Their last record feels like a long time ago, and it’s hard to believe a new Tool record (rumoured to be in the works) could provide the same sense of continuum that their discography to date cements. It’s easy to get carried away with my praise for Tool. Their sophomoric humour hamstrings their genuine insights (many of which are very funny) and their continued (though subdued) thudding heaviness probably limits their mass appeal. I feel only dread for a new Tool record, not only does it have a tangible musical legacy to continue, but like the latest (shit) Black Sabbath record, in the minds of their more idiotic fans it has to inexplicably restore them to the early nineties mindset to which the early Tool records restore them; where life was simpler and the angst was more definable.
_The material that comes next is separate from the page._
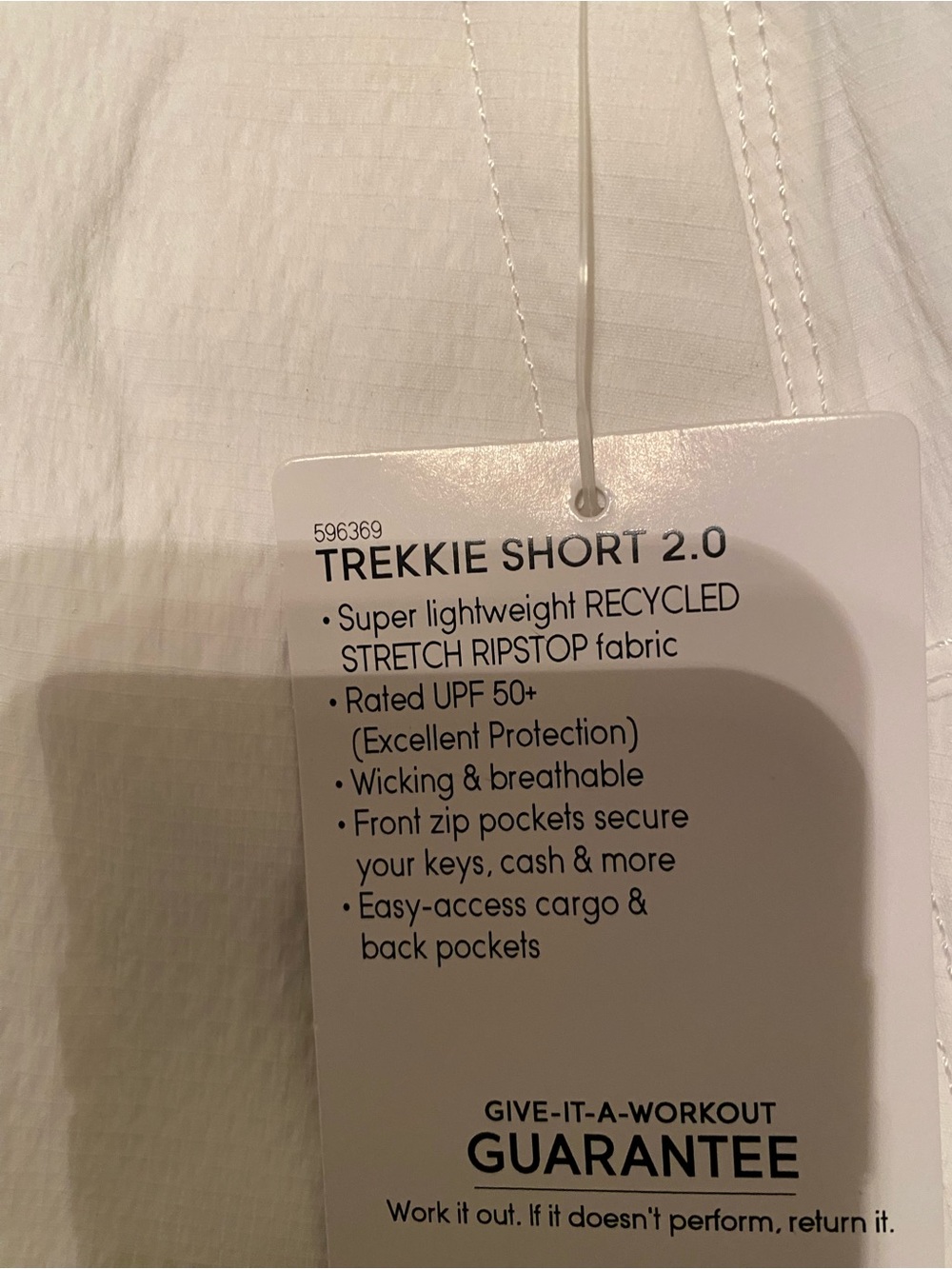 Athleta White Cargo Trekkie Shorts 2.0 with Stretch, Flap Pockets Front Zip - Picture 6 of 7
And when it doesn’t, because it can’t, expect a fan backlash. I know Maynard still has it, from a series of excellent appearances on podcasts (the WTFPod interview is particularly insightful and funny), his Pucifer work, and a frequently brilliant wine columnin the Phoenix New Times; and I know that the world of today needs a Tool record. It’ll give us an insight into what a beautiful world this could have been if it could just have been kept out of the hands of awful gutless album-a-year bumgazers like Mumford and Cunts.
Sorry, I don’t know where that came from, they just came on the radio and I’m filling with hate and rage right now.
Written under extreme duress by Steven.